Rivedere i film che ci sono piaciuti cinquant’anni fa è un esercizio di autocoscienza
notevole. Consente di cogliere il significato del passaggio del tempo in modo
abbastanza indolore, ma piuttosto preciso e anche utile. Per esempio, sulla scia della morte di Alain Delon, ho sentito in modo quasi urgente la voglia di affrontare (in tv, si capisce) uno dei suoi film più belli, scritto e diretto dal nostro grande Valerio Zurlini: “La Prima Notte di Quiete”, naturalmente.
Intanto ricordo che, sul mio quaderno di adolescente alle soglie dei vent’anni, avevo dato il massimo punteggio al film, una volta tornato a casa dopo l’ultimo spettacolo, allora collocato alle 22.30. Considerate le discussioni del dopo cinema, qualche vagabondaggio per la città e magari gli inevitabili cornetti caldi delle tre, comprati e consumati in strada con aria circospetta, da teneri trasgressori della legge, la valutazione sul taccuino dei film ebbe luogo intorno alle quattro del mattino.
Una valutazione che oggi confermerei in pieno. Ma con le stesse motivazioni? Vediamo un po’.

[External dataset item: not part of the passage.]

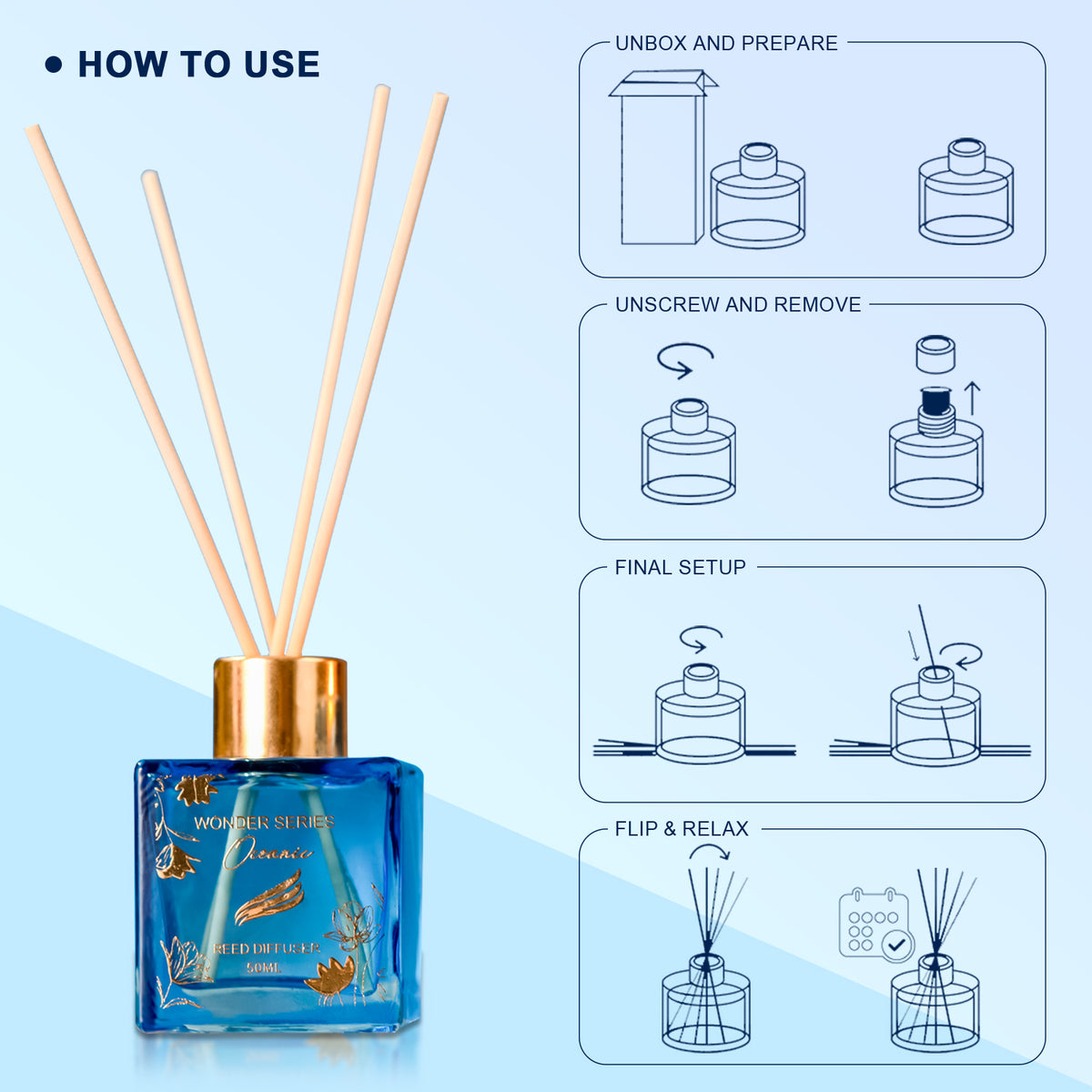 Oceanic Scented Reed Diffuser - Wonder Series (50ml)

La vita dei debosciati di Rimini, eredi dei vitelloni felliniani, appariva allora estranea al nostro mondo di studenti perbene, al massimo un po’ lavativi e tiratardi. Il bellissimo e dannatissimo professor Dominici/Delon, affiancato da attori del calibro di Giancarlo Giannini, Renato Salvatori, Adalberto Maria Merli insieme alle dolenti donne di provincia tratteggiate da due mostri sacri come Lea Massari e Alida Valli sono uno spettacolo indimenticabile. Un campionario completo di umanità corrotta, schiava della noia, dell’interesse, del sesso facile e del vizio in ogni sua forma, cioè quello che i nostri genitori temevano potessimo diventare. Noi magari un po’ ci divertivamo, a far credere di essere affascinati da quella trasgressione esibita, da quegli eccessi da sesso e droga senza rock&roll, al punto di scimmiottare quel modo di essere, di vivere. Di essere pronti a innamorarci perdutamente di una Vanina, angelica e diabolica, purchè avesse gli occhi spenti ma fieri della splendida Sonia Petrova. Forse qualcuno lo era anche.

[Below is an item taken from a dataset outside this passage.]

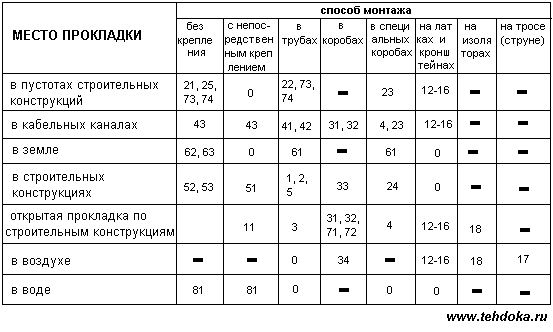Монтаж систем электропроводки, в каких местах использовать монтаж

Ma lo sapevamo, noi studentelli di città andati a letto dopo Carosello e accuditi da famiglie premurose, di avere ben altri, doverosi obiettivi nella vita: una laurea, il posto fisso, una moglie da rendere madre, una famiglia regolare, o come si dice oggi, tradizionale. Praticamente l’invettiva finale urlata dal protagonista di “Trainspotting” vent’anni dopo, a giochi ormai fatti per tutti.

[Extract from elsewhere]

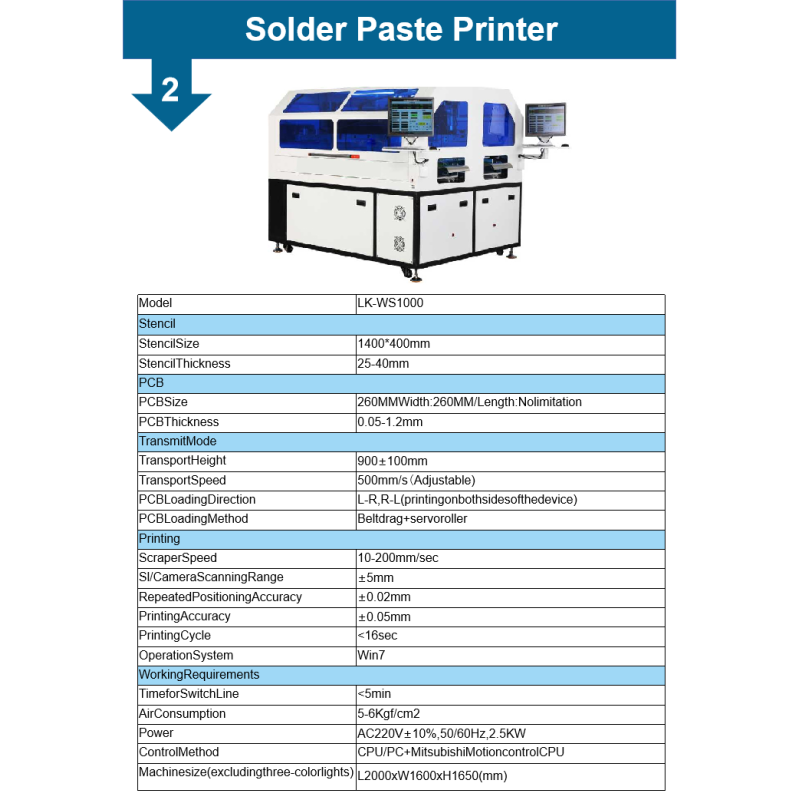 Semiconductor Production Line LED Assembly Machine LED Rope Light Complete Production Line Smt Pick and Place Machine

No, non siamo diventati quei debosciati amorali, disperate mosche vaganti sotto la pioggia eterna di un livido inverno stravissuto in riviera, antenata, a pensarci col senno di poi, della distopica metropoli di “Blade Runner”. Dalla quale però i due innamorati riescono miracolosamente a fuggire, mentre la bassa padana, molto più crudele, inghiotte nella nebbia e nel fuoco ogni speranza di redenzione.
Ma non siamo diventati nemmeno quello che sognavano i nostri genitori. Siamo un’altra cosa, com’è giusto che sia. Non chiedeteci cosa, però. Sarebbe troppo.